The input »
━━━━
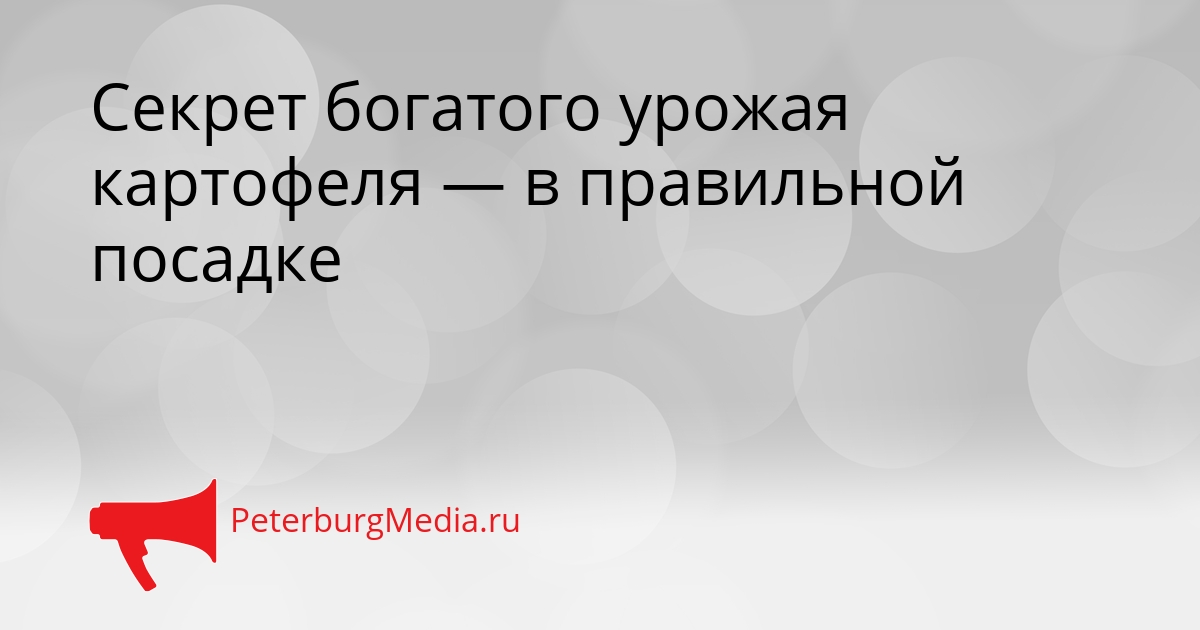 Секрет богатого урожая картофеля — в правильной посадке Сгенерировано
━━━━
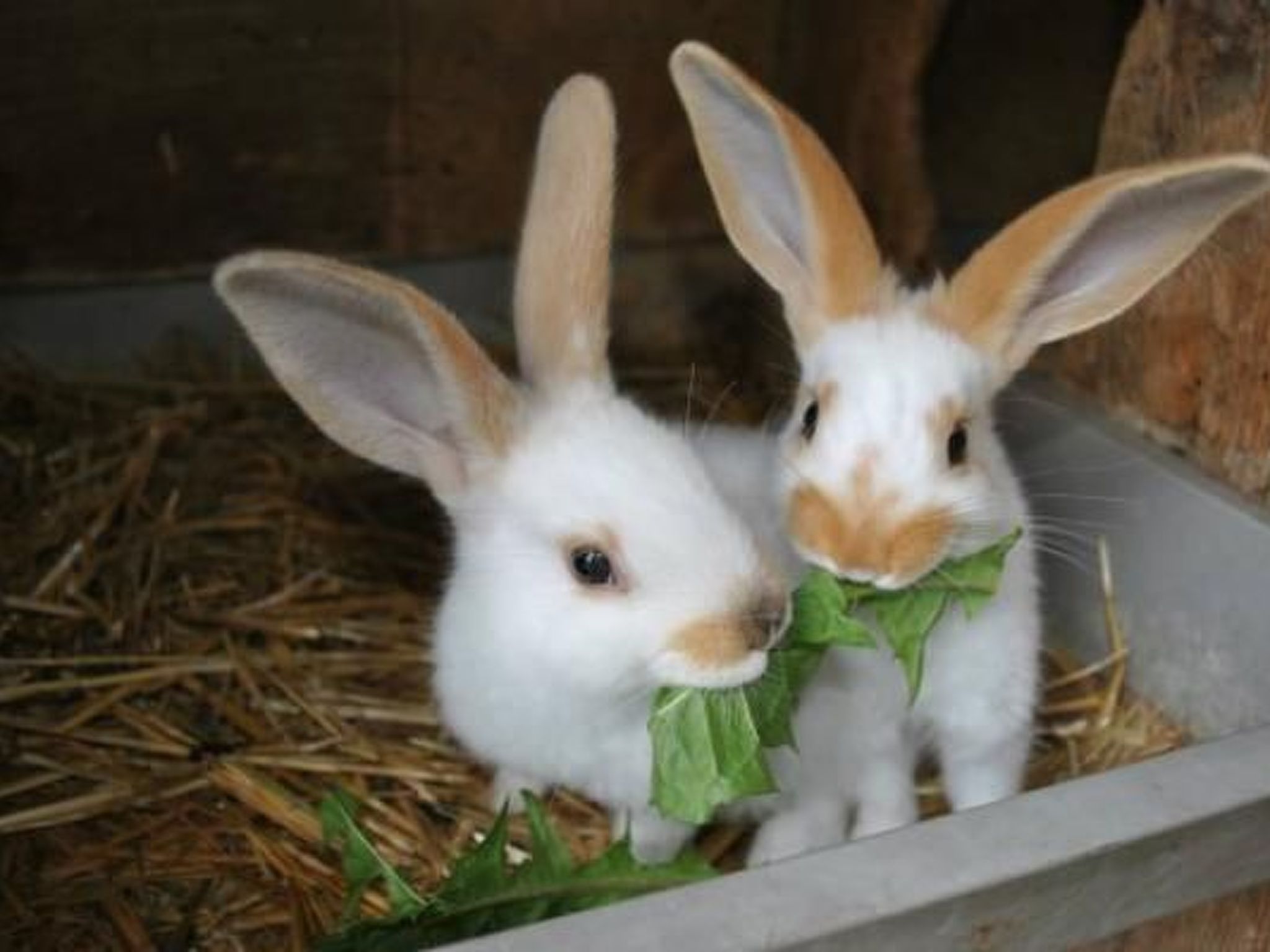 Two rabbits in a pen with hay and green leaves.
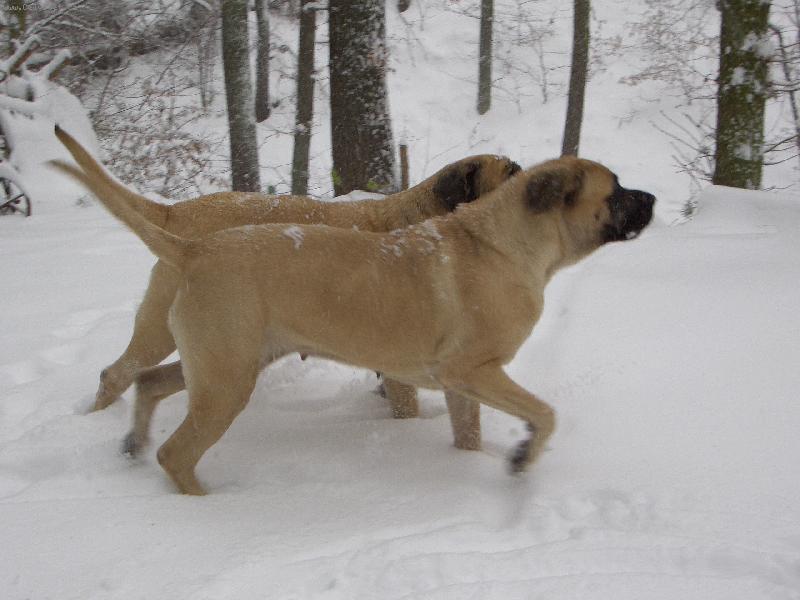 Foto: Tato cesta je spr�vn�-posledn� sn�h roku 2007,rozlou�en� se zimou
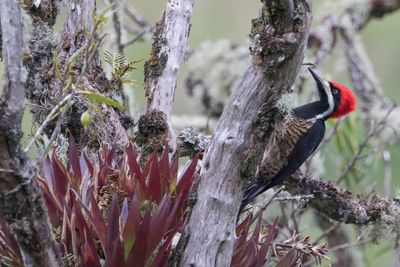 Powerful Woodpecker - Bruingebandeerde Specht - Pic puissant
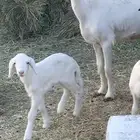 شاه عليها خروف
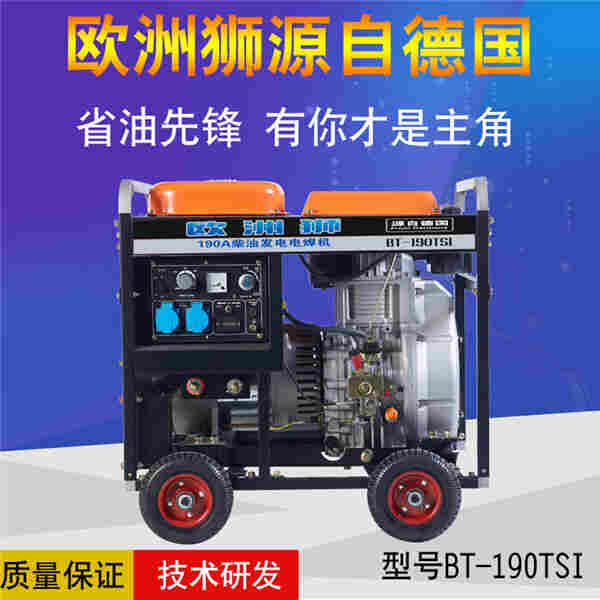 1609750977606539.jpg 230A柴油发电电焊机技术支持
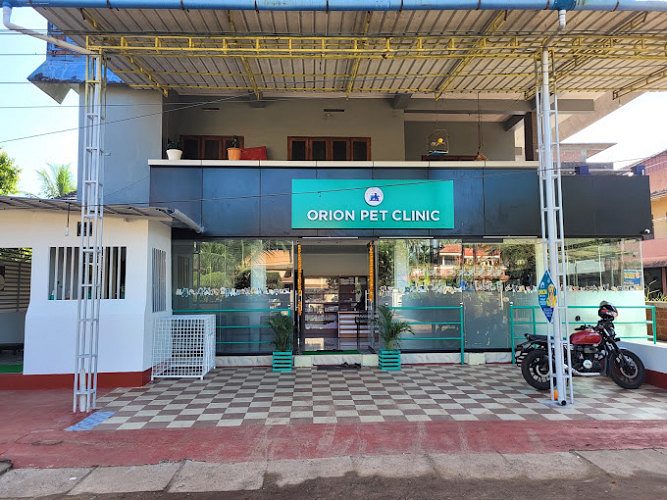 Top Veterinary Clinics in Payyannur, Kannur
━━━━
Work item » From the listing above, please give again the lines that begin with the line holding "1609750977606539.jpg 230A柴油发电电焊机技术支持" and go on through the line holding "Top Veterinary Clinics in Payyannur, Kannur", exactly, both ends included, minus any picture.

Response below »
 1609750977606539.jpg 230A柴油发电电焊机技术支持
 Top Veterinary Clinics in Payyannur, Kannur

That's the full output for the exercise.